_WORK INSTRUCTION_: Which lines of the records contain the word "Image"? Copy each one.

== MATERIAL SUPPLIED ==

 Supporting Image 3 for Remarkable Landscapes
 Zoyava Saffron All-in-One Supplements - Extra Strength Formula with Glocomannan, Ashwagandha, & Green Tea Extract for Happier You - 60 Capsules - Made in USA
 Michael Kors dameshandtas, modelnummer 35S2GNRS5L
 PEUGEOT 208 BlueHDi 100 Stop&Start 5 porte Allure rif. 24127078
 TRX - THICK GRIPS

===
== MATERIAL SUPPLIED ==

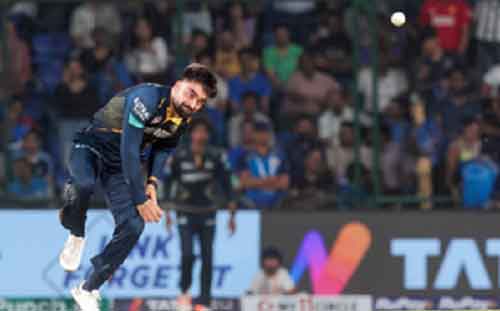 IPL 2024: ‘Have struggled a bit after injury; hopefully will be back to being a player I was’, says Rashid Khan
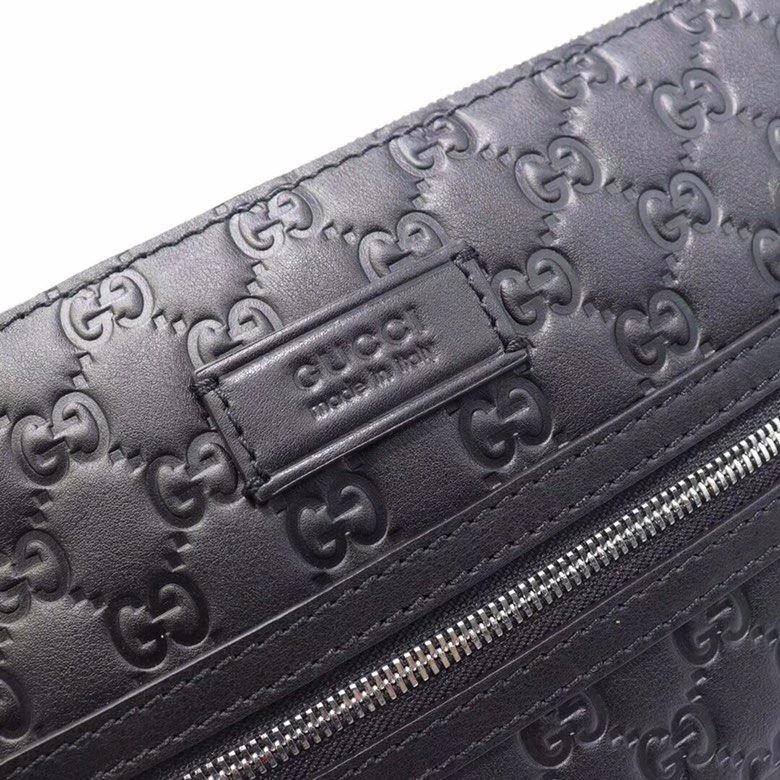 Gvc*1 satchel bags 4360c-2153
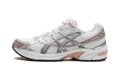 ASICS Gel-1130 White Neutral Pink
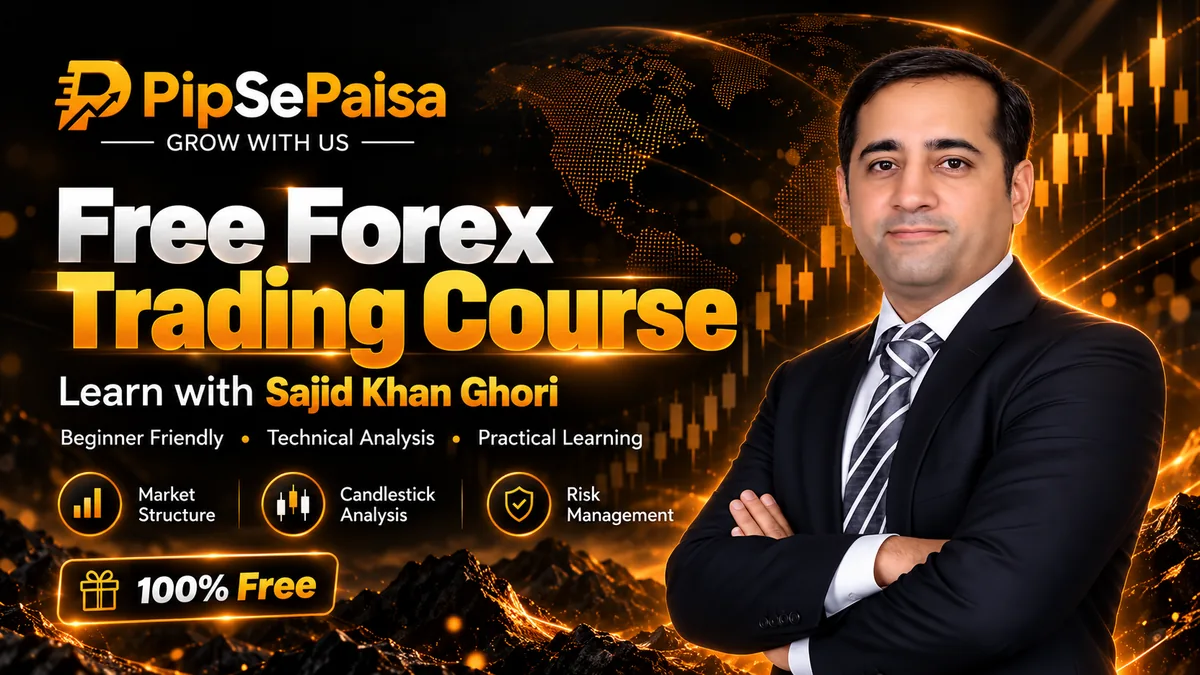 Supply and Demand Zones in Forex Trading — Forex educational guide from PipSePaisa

===
== MATERIAL SUPPLIED ==

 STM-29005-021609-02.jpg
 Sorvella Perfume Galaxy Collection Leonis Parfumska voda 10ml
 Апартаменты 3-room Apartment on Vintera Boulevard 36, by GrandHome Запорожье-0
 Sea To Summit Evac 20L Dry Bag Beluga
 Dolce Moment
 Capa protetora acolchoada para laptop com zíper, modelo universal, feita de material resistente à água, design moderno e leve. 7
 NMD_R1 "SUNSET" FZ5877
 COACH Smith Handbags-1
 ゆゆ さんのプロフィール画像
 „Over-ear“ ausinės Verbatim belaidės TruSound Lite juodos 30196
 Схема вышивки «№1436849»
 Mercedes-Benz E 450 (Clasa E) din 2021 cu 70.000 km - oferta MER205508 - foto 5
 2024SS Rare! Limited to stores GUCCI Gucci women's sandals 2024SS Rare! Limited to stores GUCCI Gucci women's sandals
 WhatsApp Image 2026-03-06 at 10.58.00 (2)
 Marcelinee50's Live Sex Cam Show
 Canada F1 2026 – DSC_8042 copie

===

_EXERCISE OUTPUT_:
 Supporting Image 3 for Remarkable Landscapes
 WhatsApp Image 2026-03-06 at 10.58.00 (2)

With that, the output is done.